Click here to download example protein fasta files.

COGclassifier -i ./example/ecoli.faa -o ./ecoli_cogclassifier

Output Contents

  • rpsblast.tsv (example)
    RPS-BLAST against COG database result (format = outfmt 6).

  • cog_classify.tsv (example)
    Query sequences classified into COG functional category result.
    This file contains all classified query sequences and associated COG information.

    Table of detailed tsv format information (9 columns) | Columns | Contents | Example Value | | ---------------- | -------------------------------------- | ----------------------------------- | | QUERY_ID | Query ID | NP_414544.1 | | COG_ID | COG ID of RPS-BLAST top hit result | COG0083 | | CDD_ID | CDD ID of RPS-BLAST top hit result | 223161 | | EVALUE | RPS-BLAST top hit evalue | 2.5e-150 | | IDENTITY | RPS-BLAST top hit identity | 45.806 | | GENE_NAME | Abbreviated gene name | ThrB | | COG_NAME | COG gene name | Homoserine kinase | | COG_LETTER | Letter of COG functional category | E | | COG_DESCRIPTION | Description of COG functional category | Amino acid transport and metabolism |
  • cog_count.tsv (example)
    Count classified sequences per COG functional category result.

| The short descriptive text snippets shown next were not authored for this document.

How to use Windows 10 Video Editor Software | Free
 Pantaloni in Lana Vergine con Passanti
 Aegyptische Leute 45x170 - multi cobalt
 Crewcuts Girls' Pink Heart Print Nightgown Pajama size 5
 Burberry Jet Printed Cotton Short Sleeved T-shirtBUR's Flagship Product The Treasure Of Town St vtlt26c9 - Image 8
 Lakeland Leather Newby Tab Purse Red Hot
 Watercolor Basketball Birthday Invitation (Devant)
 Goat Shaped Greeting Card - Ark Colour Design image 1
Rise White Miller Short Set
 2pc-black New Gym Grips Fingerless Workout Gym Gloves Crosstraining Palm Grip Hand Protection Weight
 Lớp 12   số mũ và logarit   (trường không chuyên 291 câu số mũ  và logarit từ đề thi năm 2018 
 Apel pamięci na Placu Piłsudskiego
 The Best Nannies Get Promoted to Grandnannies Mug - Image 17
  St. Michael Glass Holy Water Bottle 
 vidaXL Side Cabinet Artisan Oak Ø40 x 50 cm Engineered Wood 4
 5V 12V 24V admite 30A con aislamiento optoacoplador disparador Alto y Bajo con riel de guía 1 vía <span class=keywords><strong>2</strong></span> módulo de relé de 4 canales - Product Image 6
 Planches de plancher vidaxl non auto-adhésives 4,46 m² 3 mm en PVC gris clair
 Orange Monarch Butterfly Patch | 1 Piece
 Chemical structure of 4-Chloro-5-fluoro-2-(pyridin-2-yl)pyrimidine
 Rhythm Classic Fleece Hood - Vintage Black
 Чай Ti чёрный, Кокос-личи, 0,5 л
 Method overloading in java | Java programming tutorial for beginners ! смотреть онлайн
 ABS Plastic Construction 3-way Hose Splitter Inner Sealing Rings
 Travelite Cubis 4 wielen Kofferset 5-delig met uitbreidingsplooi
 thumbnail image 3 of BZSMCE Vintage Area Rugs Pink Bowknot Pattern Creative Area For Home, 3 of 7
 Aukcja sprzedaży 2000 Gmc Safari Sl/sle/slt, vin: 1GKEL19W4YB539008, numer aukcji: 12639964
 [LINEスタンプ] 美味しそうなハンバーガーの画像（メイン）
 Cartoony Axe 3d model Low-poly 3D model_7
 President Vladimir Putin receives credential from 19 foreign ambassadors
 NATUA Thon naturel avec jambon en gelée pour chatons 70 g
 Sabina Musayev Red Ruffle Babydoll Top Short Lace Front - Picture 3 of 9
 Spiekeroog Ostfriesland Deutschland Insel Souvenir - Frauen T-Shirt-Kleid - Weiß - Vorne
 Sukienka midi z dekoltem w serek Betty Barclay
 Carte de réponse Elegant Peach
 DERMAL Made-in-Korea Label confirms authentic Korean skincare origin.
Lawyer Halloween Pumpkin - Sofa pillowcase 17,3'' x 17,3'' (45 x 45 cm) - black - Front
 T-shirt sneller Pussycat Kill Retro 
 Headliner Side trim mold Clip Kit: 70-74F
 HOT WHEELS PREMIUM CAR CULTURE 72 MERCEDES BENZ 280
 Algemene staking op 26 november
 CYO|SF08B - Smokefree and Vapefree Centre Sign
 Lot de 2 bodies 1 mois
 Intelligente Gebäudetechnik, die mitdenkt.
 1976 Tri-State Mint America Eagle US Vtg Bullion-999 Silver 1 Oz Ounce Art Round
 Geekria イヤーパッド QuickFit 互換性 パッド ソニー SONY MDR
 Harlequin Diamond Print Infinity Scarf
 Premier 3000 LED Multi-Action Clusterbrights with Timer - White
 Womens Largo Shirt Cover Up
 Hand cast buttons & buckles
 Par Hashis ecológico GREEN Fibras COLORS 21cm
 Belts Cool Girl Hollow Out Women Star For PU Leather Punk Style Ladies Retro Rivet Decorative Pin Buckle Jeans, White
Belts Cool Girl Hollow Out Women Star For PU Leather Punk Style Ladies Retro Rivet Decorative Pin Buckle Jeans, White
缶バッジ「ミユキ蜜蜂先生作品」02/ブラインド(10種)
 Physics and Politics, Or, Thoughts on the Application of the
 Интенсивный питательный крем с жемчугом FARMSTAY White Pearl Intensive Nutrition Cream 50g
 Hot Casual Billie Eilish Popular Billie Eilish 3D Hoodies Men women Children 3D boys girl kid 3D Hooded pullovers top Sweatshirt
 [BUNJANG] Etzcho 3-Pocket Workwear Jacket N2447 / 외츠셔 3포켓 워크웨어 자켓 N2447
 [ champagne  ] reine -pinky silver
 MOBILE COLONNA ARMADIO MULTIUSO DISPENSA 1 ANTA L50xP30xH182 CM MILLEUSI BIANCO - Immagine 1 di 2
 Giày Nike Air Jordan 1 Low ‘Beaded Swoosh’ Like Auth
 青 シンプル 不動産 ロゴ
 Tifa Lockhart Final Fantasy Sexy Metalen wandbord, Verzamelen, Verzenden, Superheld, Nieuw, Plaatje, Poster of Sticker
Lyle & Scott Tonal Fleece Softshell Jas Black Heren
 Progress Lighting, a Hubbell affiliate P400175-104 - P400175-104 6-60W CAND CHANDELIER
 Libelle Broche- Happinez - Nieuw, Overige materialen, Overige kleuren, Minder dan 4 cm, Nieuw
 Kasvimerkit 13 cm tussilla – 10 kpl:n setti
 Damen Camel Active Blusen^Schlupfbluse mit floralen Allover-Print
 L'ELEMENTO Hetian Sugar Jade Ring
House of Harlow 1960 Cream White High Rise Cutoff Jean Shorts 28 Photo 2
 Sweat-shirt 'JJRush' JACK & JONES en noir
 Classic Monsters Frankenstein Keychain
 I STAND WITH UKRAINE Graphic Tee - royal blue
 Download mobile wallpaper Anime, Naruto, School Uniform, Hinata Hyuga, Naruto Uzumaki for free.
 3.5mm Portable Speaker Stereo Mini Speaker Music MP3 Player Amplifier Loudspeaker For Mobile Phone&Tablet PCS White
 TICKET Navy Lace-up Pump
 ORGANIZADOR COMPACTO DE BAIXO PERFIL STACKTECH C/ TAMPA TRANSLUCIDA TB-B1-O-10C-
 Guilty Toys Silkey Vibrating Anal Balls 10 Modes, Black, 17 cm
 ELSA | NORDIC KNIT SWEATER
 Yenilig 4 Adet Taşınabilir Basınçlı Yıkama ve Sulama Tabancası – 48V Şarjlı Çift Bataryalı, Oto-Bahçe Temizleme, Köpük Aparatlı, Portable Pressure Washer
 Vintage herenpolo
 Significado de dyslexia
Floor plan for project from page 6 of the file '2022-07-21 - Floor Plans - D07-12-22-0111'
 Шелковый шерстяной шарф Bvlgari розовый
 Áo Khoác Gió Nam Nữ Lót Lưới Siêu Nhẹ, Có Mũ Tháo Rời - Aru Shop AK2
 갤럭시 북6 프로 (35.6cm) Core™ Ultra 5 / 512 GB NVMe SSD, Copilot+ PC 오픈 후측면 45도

    Table of detailed tsv format information (5 columns) | Columns | Contents | Example Value | | ------------| --------------------------------------- | ----------------------------------------------- | | LETTER | Letter of COG functional category | J | | COUNT | Count of COG classified sequence | 259 | | GROUP | COG functional group | INFORMATION STORAGE AND PROCESSING | | COLOR | Symbol color of COG functional category | #FCCCFC | | DESCRIPTION | Description of COG functional category | Translation, ribosomal structure and biogenesis |
  • cogclassifier.log (example)
    COGclassifier log file.

  • cog_count_barchart.[png|html]
    Barchart of COG funcitional category classification result.
    COGclassifier uses Altair visualization library for plotting charts.

cog_count_barchart

  • cog_count_piechart.[png|html]
    Piechart of COG funcitional category classification result.
    Functional category with percentages less than 1% don't display letter on piechart.

cog_count_piechart

Customize Charts

COGclassifier also provides barchart & piechart plotting API/CLI to customize charts appearence. See notebooks and command below for details.

plotcogcount_barchart

$ plot_cog_count_barchart --help

Usage: plot_cog_count_barchart [OPTIONS]                                                      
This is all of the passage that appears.